El accidentado club de lectura me retrotrajo a épocas pasadas, a los setenta del pasado siglo, cuando un avispado crítico literario de un medio ya desparecido me tildó de Mike Spillane al leer mal “Barcelona negra”, es decir, de autor fascista, simplemente porque confundía al escritor de la novela con su personaje principal, un policía tan expeditivo como Harry el Sucio que además detestaba la Sagrada Familia. Quizá eso me pase por huir del maniqueísmo como de la peste. ¿Creían las incisivas lectoras del club estar ante la reencarnación de Aribert Ferdinand Heim que había escrito su autobiografía?

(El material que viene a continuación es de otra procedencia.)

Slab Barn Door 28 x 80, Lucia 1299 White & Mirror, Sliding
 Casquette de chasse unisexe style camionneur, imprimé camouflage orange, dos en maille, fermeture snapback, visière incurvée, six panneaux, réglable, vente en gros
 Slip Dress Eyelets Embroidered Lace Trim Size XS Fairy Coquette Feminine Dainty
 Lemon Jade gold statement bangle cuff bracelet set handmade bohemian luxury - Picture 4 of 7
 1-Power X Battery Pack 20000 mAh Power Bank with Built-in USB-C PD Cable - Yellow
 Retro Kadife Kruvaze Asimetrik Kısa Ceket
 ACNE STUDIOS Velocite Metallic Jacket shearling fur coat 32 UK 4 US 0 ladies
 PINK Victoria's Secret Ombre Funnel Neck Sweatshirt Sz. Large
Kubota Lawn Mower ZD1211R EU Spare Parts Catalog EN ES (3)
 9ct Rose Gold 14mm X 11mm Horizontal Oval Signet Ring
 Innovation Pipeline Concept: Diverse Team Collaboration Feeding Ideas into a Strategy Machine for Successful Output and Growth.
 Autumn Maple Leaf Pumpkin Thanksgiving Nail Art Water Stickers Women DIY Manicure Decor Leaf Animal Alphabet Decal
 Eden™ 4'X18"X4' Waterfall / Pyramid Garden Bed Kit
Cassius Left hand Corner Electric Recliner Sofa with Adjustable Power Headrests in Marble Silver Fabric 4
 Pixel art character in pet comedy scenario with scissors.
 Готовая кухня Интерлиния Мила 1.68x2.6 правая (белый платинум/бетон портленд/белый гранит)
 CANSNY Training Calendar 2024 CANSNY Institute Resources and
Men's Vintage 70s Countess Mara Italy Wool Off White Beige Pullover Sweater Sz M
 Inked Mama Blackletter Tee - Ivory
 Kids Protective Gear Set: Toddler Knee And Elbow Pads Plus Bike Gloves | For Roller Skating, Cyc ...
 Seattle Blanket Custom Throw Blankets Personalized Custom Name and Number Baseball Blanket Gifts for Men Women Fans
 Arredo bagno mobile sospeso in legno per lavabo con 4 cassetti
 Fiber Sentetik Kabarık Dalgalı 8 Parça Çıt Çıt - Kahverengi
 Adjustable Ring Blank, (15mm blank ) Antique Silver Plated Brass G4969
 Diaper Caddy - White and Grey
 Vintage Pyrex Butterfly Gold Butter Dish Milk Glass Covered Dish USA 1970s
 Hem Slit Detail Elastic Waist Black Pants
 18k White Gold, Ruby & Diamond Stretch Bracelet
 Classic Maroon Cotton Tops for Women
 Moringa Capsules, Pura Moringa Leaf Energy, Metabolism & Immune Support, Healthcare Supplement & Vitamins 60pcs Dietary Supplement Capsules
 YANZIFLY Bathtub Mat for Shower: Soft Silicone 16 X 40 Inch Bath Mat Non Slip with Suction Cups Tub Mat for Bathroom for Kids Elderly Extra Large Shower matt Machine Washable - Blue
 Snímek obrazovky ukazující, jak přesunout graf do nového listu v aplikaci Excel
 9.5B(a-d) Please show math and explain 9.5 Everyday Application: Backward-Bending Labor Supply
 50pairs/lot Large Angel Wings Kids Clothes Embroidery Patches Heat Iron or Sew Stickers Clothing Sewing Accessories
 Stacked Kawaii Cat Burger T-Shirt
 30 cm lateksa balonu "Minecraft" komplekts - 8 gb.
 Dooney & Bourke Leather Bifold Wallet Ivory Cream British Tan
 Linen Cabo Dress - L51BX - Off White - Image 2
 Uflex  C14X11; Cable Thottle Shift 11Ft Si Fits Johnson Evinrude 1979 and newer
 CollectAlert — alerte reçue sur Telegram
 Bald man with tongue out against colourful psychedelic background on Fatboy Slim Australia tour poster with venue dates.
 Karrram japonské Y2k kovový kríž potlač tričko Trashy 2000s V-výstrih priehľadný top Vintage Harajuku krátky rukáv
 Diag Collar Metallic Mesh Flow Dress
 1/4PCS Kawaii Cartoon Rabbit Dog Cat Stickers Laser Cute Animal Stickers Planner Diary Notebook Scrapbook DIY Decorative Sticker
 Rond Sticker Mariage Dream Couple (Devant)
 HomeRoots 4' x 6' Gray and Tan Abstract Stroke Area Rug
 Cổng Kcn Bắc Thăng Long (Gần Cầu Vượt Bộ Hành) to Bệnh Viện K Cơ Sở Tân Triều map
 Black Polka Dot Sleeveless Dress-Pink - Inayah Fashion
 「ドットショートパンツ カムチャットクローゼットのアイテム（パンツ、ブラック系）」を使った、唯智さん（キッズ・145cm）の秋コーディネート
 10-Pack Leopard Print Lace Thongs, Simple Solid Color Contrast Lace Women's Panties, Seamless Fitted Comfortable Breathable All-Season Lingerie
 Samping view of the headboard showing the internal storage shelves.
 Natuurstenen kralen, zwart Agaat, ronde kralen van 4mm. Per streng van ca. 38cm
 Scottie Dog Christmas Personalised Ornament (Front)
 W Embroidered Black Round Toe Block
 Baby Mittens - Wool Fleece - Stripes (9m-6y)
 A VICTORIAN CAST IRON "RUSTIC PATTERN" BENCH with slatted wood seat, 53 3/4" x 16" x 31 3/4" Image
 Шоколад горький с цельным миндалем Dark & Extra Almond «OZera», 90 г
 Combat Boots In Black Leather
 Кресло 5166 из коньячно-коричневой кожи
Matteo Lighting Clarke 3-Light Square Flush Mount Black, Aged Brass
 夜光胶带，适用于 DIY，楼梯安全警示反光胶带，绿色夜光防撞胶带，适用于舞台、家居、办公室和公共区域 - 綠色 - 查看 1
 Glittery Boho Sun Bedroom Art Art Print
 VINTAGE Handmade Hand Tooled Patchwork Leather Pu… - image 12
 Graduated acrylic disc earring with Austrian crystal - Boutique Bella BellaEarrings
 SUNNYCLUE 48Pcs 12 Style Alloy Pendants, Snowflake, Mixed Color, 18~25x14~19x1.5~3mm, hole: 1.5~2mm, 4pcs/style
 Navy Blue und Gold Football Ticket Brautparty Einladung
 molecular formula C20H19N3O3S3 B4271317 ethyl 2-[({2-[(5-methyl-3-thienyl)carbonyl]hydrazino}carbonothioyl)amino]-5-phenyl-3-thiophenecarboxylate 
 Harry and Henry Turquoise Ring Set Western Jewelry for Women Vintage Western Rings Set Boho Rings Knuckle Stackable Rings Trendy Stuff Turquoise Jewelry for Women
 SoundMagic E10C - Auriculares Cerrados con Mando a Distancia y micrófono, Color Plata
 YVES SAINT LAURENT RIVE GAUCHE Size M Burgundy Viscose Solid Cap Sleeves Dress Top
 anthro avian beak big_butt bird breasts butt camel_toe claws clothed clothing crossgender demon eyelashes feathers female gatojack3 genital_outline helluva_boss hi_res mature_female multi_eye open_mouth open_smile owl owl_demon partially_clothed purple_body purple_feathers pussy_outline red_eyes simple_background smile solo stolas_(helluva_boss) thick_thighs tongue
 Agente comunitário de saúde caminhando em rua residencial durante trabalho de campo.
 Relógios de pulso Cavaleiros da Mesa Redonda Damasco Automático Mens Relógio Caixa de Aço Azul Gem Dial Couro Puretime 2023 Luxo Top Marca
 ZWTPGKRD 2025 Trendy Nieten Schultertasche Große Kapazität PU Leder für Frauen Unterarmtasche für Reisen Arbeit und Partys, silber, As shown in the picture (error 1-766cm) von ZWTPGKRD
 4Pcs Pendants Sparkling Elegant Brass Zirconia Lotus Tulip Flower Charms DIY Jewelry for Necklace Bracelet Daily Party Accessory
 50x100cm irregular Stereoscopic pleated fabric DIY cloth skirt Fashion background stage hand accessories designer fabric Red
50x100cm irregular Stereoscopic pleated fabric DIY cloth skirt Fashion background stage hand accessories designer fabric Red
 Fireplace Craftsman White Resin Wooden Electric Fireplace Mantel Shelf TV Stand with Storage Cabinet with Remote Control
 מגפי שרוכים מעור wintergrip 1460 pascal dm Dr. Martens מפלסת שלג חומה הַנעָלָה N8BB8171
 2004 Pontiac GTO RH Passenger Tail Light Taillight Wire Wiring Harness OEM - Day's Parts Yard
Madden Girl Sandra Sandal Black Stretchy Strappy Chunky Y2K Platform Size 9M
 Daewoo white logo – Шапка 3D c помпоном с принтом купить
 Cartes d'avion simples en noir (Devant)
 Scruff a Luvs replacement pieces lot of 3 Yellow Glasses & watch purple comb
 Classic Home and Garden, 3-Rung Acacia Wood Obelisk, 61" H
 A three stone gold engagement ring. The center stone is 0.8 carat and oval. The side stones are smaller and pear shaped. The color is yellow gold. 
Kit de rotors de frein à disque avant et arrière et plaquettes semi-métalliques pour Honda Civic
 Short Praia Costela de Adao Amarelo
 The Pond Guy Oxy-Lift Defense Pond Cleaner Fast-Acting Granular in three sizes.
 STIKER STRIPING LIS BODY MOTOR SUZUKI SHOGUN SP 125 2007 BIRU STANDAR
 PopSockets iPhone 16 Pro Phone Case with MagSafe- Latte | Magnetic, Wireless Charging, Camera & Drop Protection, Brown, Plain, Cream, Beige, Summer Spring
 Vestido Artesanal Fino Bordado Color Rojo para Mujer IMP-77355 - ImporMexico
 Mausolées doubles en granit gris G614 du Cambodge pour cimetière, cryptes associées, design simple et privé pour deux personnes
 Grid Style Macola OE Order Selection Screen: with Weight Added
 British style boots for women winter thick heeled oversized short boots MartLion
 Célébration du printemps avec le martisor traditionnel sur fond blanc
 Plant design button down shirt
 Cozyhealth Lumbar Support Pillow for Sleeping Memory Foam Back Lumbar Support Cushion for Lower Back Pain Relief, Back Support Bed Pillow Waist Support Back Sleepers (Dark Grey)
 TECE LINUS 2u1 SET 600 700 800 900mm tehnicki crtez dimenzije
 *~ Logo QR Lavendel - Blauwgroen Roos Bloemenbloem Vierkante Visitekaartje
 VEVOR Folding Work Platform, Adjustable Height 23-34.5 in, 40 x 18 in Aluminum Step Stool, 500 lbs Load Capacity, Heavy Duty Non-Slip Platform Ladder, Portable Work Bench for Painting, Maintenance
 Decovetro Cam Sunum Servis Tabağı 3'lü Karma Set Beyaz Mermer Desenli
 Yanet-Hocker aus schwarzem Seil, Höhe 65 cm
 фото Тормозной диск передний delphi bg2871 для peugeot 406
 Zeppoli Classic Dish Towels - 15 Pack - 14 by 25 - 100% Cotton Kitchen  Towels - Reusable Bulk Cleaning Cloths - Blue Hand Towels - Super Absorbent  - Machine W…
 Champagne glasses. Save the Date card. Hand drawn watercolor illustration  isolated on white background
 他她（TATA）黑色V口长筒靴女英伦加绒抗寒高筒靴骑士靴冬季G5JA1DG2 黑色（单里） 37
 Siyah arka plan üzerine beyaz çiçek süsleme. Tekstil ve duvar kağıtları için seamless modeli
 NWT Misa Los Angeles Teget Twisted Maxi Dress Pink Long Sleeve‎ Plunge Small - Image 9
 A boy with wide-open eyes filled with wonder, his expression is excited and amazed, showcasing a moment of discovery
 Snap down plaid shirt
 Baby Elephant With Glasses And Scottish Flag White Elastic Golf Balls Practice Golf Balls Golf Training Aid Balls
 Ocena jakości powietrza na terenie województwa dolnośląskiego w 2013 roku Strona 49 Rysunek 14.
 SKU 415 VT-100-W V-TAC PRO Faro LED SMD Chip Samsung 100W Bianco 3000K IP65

La literatura es mi parcela de libertad, a veces creo que la única a la que no renuncio, y escribo lo que me apetece sin rendir cuentas a nadie, ni a las editoriales que no han conseguido censurarme ni una sola línea. Ante esa literatura light, que no deja huella porque no hiere, de costureras o náyades, que llena las mesas de las librerías, reivindico a Thomas Bernard, Hubert J. Selby, Elfride Jelinek o Alfons Cervera, por poner algunos ejemplos y algún amigo, la literatura que golpea y conmociona, la que incomoda, los libros que no te dejan indiferente y te marcan, la furia y la rabia de las obras de William Shakespeare, la osadía de David Herbert Lawrence y Vladímir Nabokov, la sexualidad sin tapujos de Henry Miller o Charles Bukowski, el hedor del alcohol que irradia la prosa de Malcom Lowry, el moralismo inteligente del Marqués de Sade, los juegos literarios de Julio Cortázar, Paul Auster o Enrique Vila-Matas, la modernidad de Petronio, el inventor de la novela, cuyo “Satyricón” se labró prestigio solido entre los libros prohibidos, la literatura revulsiva.
Me gustan los libros que se escriben con sangre porque para mí la buena literatura solo puede escribirse desde el dolor.